I changed jobs at the height of the Handful O’Landfill era. I moved out of journalism into something more lucrative.
I know, I know. “What could be more lucrative than journalism?” you beller. Well, the fact is, children and future J-school students, there are professions more lucrative than journalism, though I admit that once I get past “washroom attendant at Barstow Kum ‘n’ Go” my eyes glaze over and I lose count of just how many there are.
Anyway, just as the trading-card bubble was beginning to resemble Howie Mandel’s head I got married and joined a firm that consulted for trading-card manufacturers, miscellaneous licensors (which is how I came to have carnal knowledge of the Jim Thome Baseball Game) and licensees like the National Basketball Association.
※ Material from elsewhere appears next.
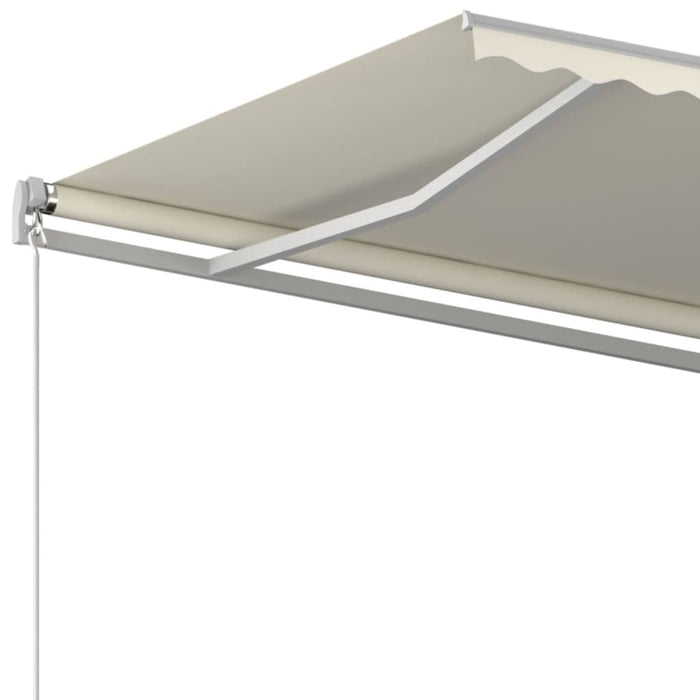 Copertină retractabilă manual, crem, 400x350 cm - WALTI WALTI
Essentially, I went from being threatened with lawsuits by trading-card manufacturers for telling them what I thought of their products to being paid reasonable sums of money by trading-card manufacturers for telling them what I thought of their products.
America. What a country.
I have said this before, but at the height of the craziness we had scores of prospective Campfire Girl card manufacturers and History of Plumbing card manufacturers and Famous Dentists card manufacturers banging on our doors daily and bombarding us with offers to make hundreds (on the back end, usually) by helping them make millions.
Most we turned away with a smile and a friendly waffle sole in the tucchus. Coors we did not.
I don’t remember how we got associated with Coors. I’m guessing it was through the guy who put the lifesize cardboard cutouts of Elvira, Mistress of the Dark (“Got my steaks. Got my ribs”) into liquor stores. (We didn’t know everybody in those days; just a representative cross-section.)
Somehow someone at Coors thought the company should capitalize on the trading-card boom, and someone who worked with Coors said, “You oughta get ahold of these guys in Wisconsin,” and before you knew it, Coors Cards were leaping a-glimmering out of the Golden Gang’s corporate womb.
These were not shabby cards by any measure. No, siree. The card art came out of Coors’ vast Archives Bunker. (With Coors, everything was in a bunker.) The Coors Design Bunker chipped in the design. Backs were written to the highest standards by a team of Professional Hobby Consultants writers – not me, thankfully – and writers from the Coors Creative Bunker. The chase program was solid. Pete Coors himself even signed a few, from the security of the Pete Coors Bunker. And the gold foil flowed like Rocky Mountain Kool-Aid.
Distribution was a cinch. After all, there are two types of companies whose survival depends on getting their product everywhere: breweries and tobacco companies. The wages of sin is death, but the marketing plan of sin is universal distribution.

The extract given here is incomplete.